What is data cleaning?
Data cleaning is the process of preparing data for analysis by modifying or removing the data that is inaccurate, incomplete, meaningless, duplicated, or formatted inappropriately. Usually, this data is not essential or helpful when it comes to analyzing data as it may disturb the further processes or may generate inaccurate or irrelevant outputs. There are several methods for data cleaning data depending upon the nature of data.
The purpose of data cleaning is not merely to erase information to create room for fresh data, but to find a manner to improve the precision of a data set without necessarily deleting information.
For one, data cleaning includes more actions than removing data, such as fixing spelling and syntax errors, standardizing data sets, and correcting mistakes such as empty fields, missing codes, and identifying duplicate data points. Data cleaning is considered as a foundation element of the data science basics because it plays an important role in the analysis and uncovering the reliable answers that are hidden inside the data.
What are the techniques of Data Cleaning?
a) Handling(Filling) missing values: The missing values in data can be filled using any of the techniques mentioned below:
i.
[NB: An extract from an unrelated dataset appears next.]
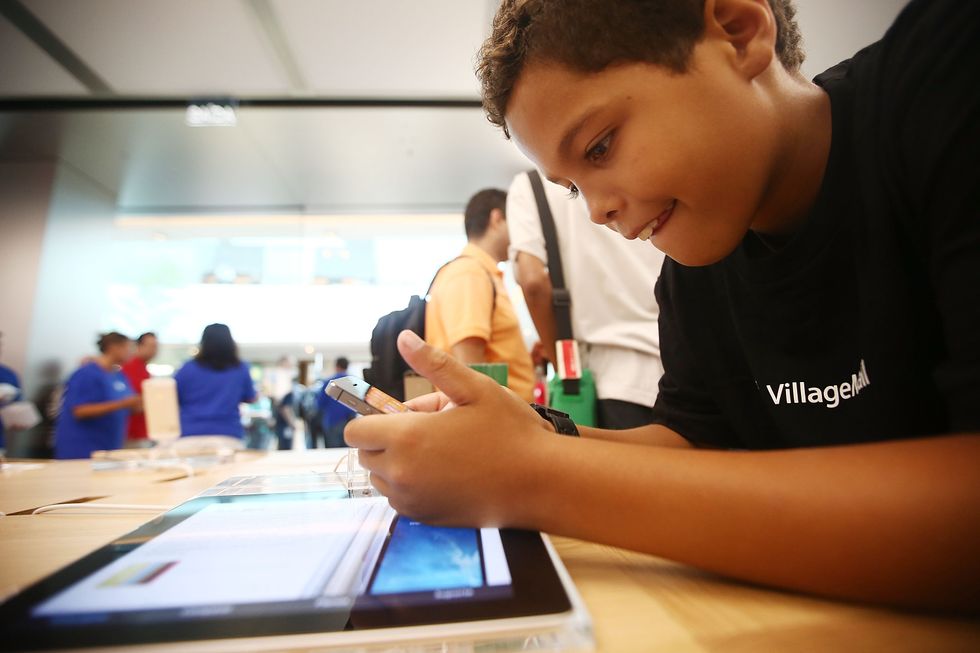 Boy using a smartphone and tablet.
Ignoring/Dropping: In some of the cases it is better to ignore or drop a tuple that contains missing value rather than filling it. Generally this is practiced in large dataset, where excluding some tuples does not affect the information conveyed by the data. But it is discouraged for small dataset as it might lead to losing of important information.
ii. Fill Missing values manually: You can also fill the missing values manually by understanding the nature of data. Usually, this is performed in small dataset rather than large dataset as it is more time consuming in case of large dataset.
iii. Filling Central values (Mean/Median) in missing values: This technique is far better than the above mentioned ones. In these techniques we insert the mean or median of respective attribute to the missing values. For better results first we group the data on the basic of similarities of attributes and apply this technique.
iv. Interpolation: This is one of the reliable, accurate and scientific ways of filling missing value. According to interpolation technique, we first develop relation among the attributes and then predict the most probable and accurate value for the missing places.
This can be achieved by regression, Bayesian formulation, and Decision tree induction.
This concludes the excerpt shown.